'Başbakan demokrasiden şikayet ediyor'
CHP Genel Başkanı Kemal Kılıçdaroğlu, kuvvetler ayrılığı ilkesinin bütün başkanlık sistemlerinde de bulunduğuna işaret ederek, "Eğer öyle yorumlanıyorsa, onlar başkanlık sisteminin de ne olduğunu bilmiyor. Bu daha da vahim bir tablodur" dedi.
Parti genel merkezinde basın toplantısı düzenleyen CHP Genel Başkanı Kemal Kılıçdaoğlu, Başbakan Recep Tayyip Erdoğan’ın Konya’da yaptığı konuşmanın üzerinde durulması ve tartışılması gereken bir konuşma olduğunu belirterek, Başbakan Erdoğan’ın yaptığı konuşmanın sıradan bir konuşma olmadığını söyledi. Başbakan Erdoğan’ın yaptığı konuşmayı toplumun sıradan bir konuşma olarak algılaması durumunda demokrasinin üzerine çok büyük bir gölge düştüğünü kaydeden Kılıçdaroğlu, “Geriye dönüp tarihe baktığımızda bütün insanlığın bir tek ortak mücadele alanı var. Tek mücadele alanı. O da demokrasi ve özgürlük. Rengi ne olursa olsun, inancı ne olursa olursun, yaşı ne olursa olsun, dini ne olursa olsun bütün insanların tek bir ortak mücadele alanı var ve demokrasidir. Bunun için insanoğlu çok ağır bedeller ödemiştir. İdamlar olmuş, başlar kesilmiş ama demokrasi ve özgürlük mücadelesi insanlığın ortak mücadelesi olarak bugüne kadar gelmiştir” diye konuştu.

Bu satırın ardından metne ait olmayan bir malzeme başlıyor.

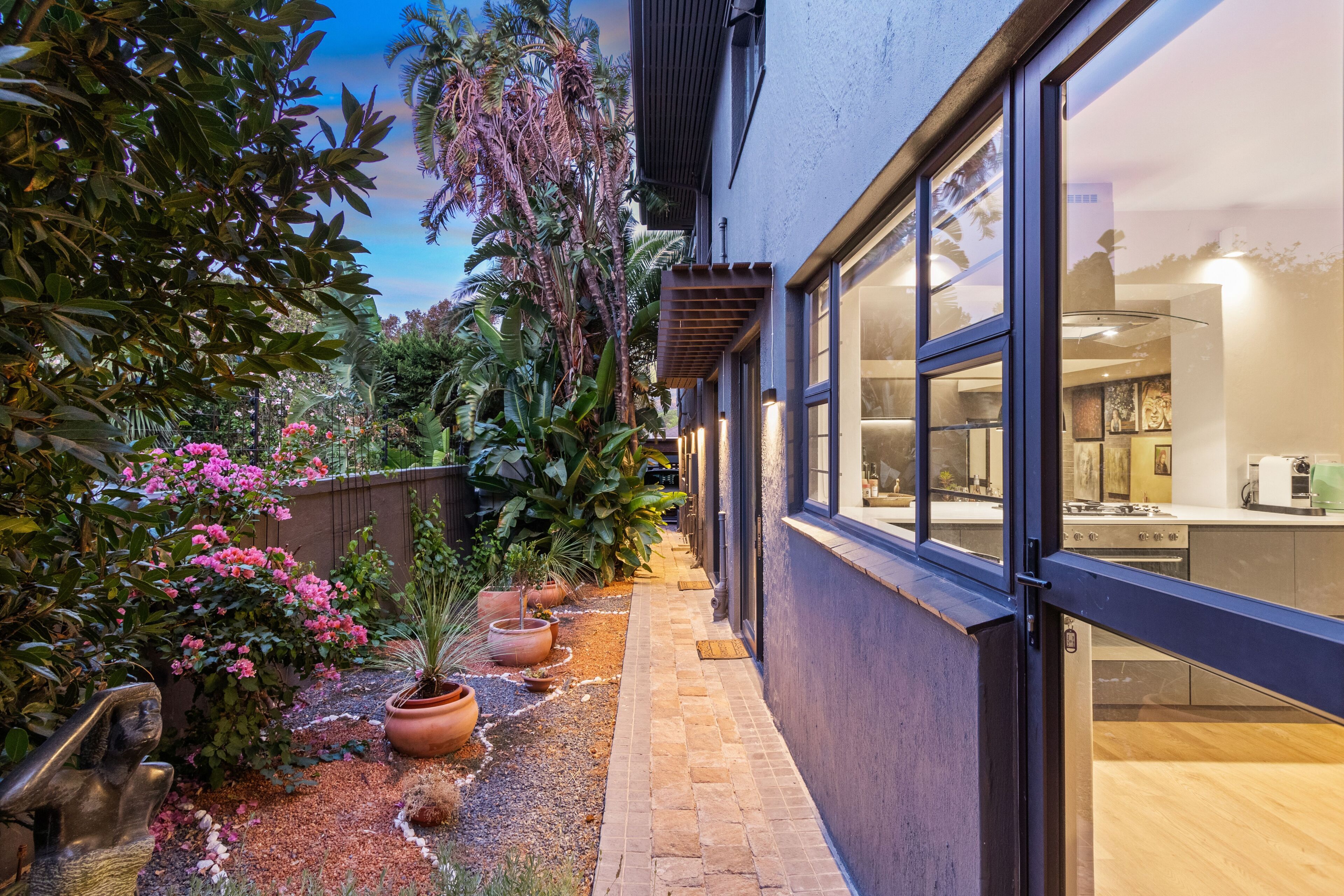 A modern kitchen with large windows, a stone pathway, and lush greenery.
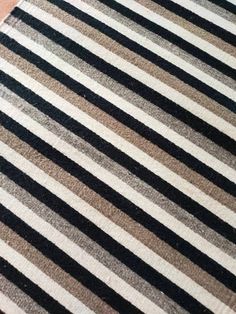 a striped rug is laying on the floor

Bu değerleri korumak için ülkelerin kendi içlerin değil, uluslararası kuruluşlar oluşturduğunu ifade eden Kılıçdaroğlu, demokrasiyi iktidar gücünü kontrol etmek için önemsediklerini dile getirdi. İktidarın gücünün bireyin ve hak özgürlüklerini sınırlamaması gerektiğini vurgulayan Kılıçdaroğlu, “İktidarın gücü hegonomik bir yapıya dönüşmemeli. Hukukun üstünlüğü çerçevesinde bir ülke yönetilmeli. Birey hak ve özgürlükleri koruna bilmeli. İnsanlığın demokrasi arayışı, adalet arayışı demektir. Adalet arıyor insanoğlu. Adalet arayışını güçlendiren kurullar oluşturuyorsunuz siz, Anayasalar yapıyorsunuz siz, uluslararası kuruluşlar çıkıyor ortaya. Adaleti güçlendirmek, bireyi yaşadığı toplumda özgür kılmak. Hedef ve amaç bu. Bunun yapılması lazım” dedi.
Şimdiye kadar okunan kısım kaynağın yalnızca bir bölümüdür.